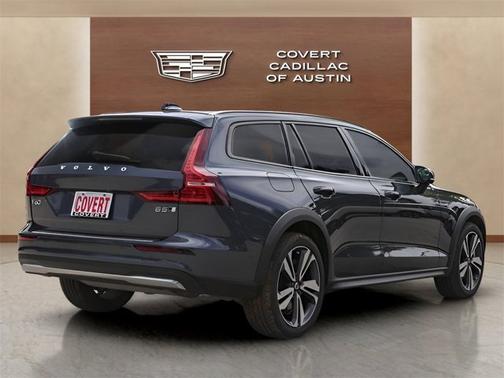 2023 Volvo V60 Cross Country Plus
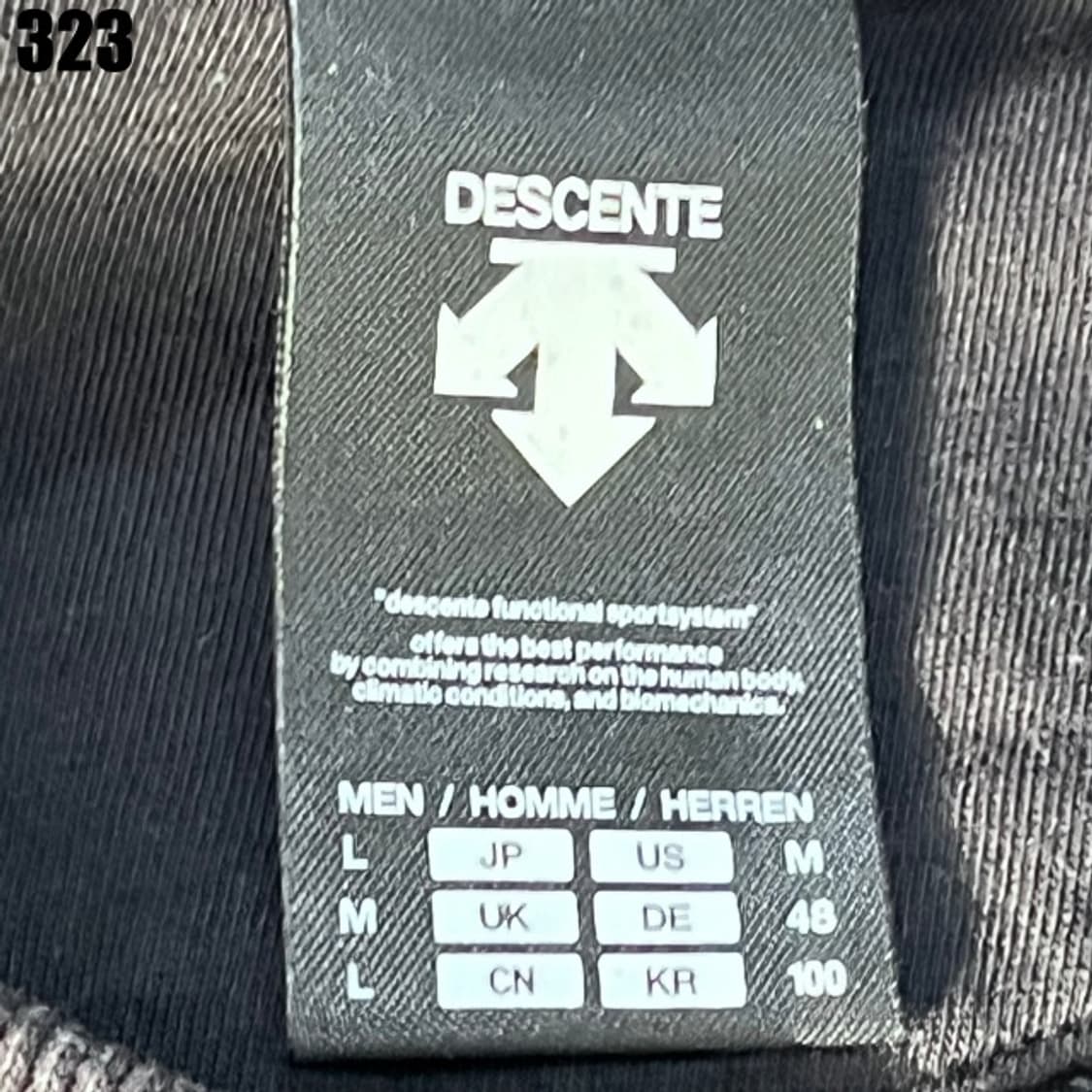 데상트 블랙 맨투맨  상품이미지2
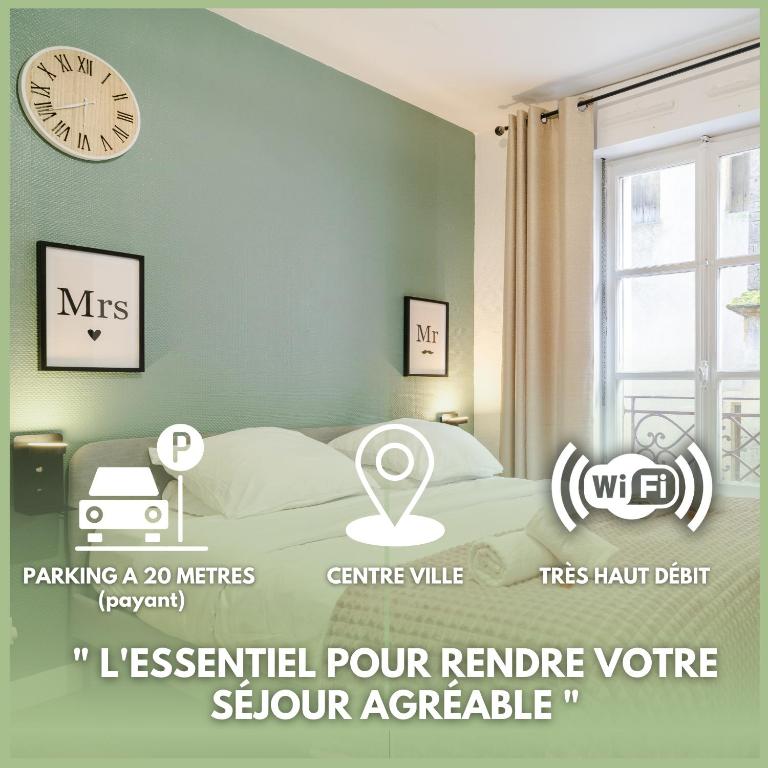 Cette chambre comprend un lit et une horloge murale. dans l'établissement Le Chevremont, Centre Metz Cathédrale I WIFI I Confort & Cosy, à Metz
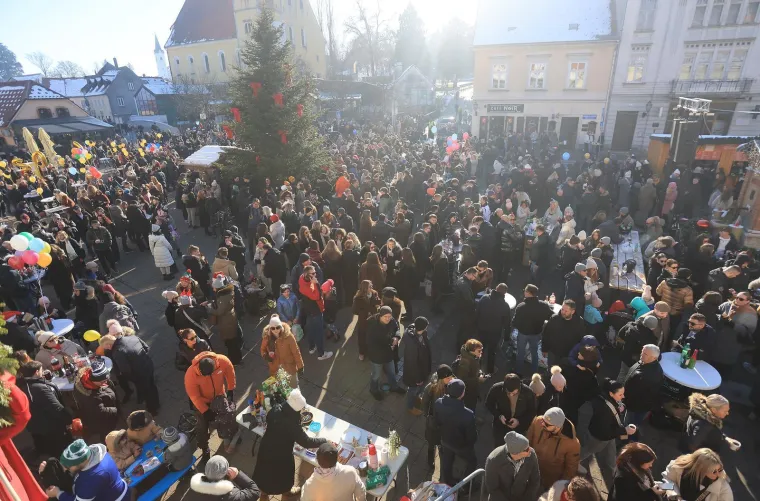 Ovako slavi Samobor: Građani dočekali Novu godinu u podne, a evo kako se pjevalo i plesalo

## THE TASK
Your output must consist only of the lines from the line with "Cette chambre comprend" through the final line of the data, both included, reproduced exactly and free of pictures.

## SOLUTION TO THIS PROBLEM
 Cette chambre comprend un lit et une horloge murale. dans l'établissement Le Chevremont, Centre Metz Cathédrale I WIFI I Confort & Cosy, à Metz
 Ovako slavi Samobor: Građani dočekali Novu godinu u podne, a evo kako se pjevalo i plesalo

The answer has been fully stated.